Jesus knows what loneliness is. Isaiah 53:3 says:

“He is despised and rejected by men,
A Man of sorrows and acquainted with grief…”

Jesus, our great High Priest knew loneliness. He is a High Priest who can sympathise with our weaknesses, having been “in all points tempted as we are, yet without sin.” [Hebrews 4:15]


God knows what loneliness is. Having made the perfect Garden of Eden, with all manner of animals, trees, fruits and nature, God thinks of Adam, saying:

“It is not good that man should be alone; I will make him a helper comparable to him.”

God recognised that man, made in God’s own image, must have relationship; and so, woman was made – the first one, named Eve, and she became Adam’s wife


We are made to be in communion with God. Jesus’ prayer for all believers is saturated with the desire that man and God should be in communion . Jesus prays,

“Father, I desire that they also whom You gave Me may be with Me where I am, that they may behold My glory which You have given Me… And I have declared to them Your name and will declare it, that the love with which You loved Me may be in them, and I in them.”

Immanuel – “God is with us”. It is the intrinsic cry of our hearts, and it can be satisfied by God and God alone. We can cast all our burdens onto Him and He will carry them. We can speak our dreams and visions, and know that God gives us the desires of our hearts. We can know the heart of God and understand His ways. We can live with Him, reign with Him, and be with Him in eternity. We are made to be in communion with God, our Creator, because we are made in His very own image. [1 Peter 5:7, John 14:15-18, Romans 8:26-27, Revelation 21:3]


We are made to have fellowship with one another. Hebrews 10:24-25 encourages fellowship:

“And let us consider one another in order to stir up love and good works, not forsaking the assembling of ourselves together, as is in the manner of some, but exhorting one another, and so much the more as you see the Day approaching.”
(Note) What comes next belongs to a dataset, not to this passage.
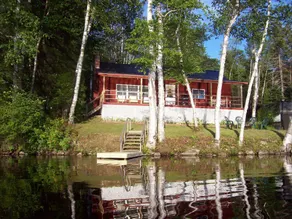 Charming Lakefront Cottage - Image 5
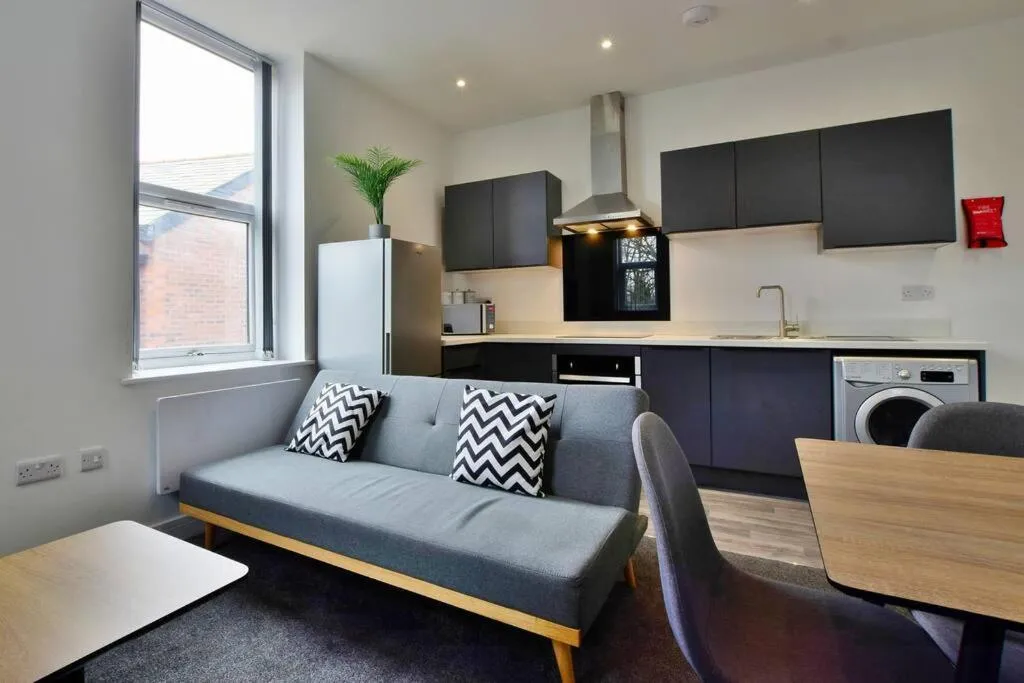 Image 3 of FREE PARKING – Charming 2-BR Flat near Salford Royal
The Book of Acts chronicles the joy of fellowship, and Paul’s letters to the churches show his great longing to see his brethren in the church. So much of the Bible instructs us to encourage one another, love one another and walk with one another with all lowliness, gentleness and long suffering. [Ephesians 4:2-3, Psalm 133]



The first and the second greatest commandments incorporate relationship – Love God, and love one another. The Great Commandment incorporates relationship – the mandate to proclaim the kingdom and salvation of God, His eternal communion with man. Society is built on relationships – the husband and wife, parent and child, teacher and student, employer and employee, friendships, trading, and all manner of social interactions.


999317_10151768290693688_1228843490_nLoneliness is a feeling, but it is not by itself a sin. However, the feeling of loneliness facilitates a favorable medium for sin and spiritual strongholds to form and grow. It can breed hatred, drifting from God, pride, chains of depression, isolation, anger and many other things. The first element of the shield of faith that extinguishes the arrow of loneliness, is the understanding that we are made to be relational. Knowing this, even in times of loneliness, we can remember to cry out to God, and be refreshed in fellowship with one another.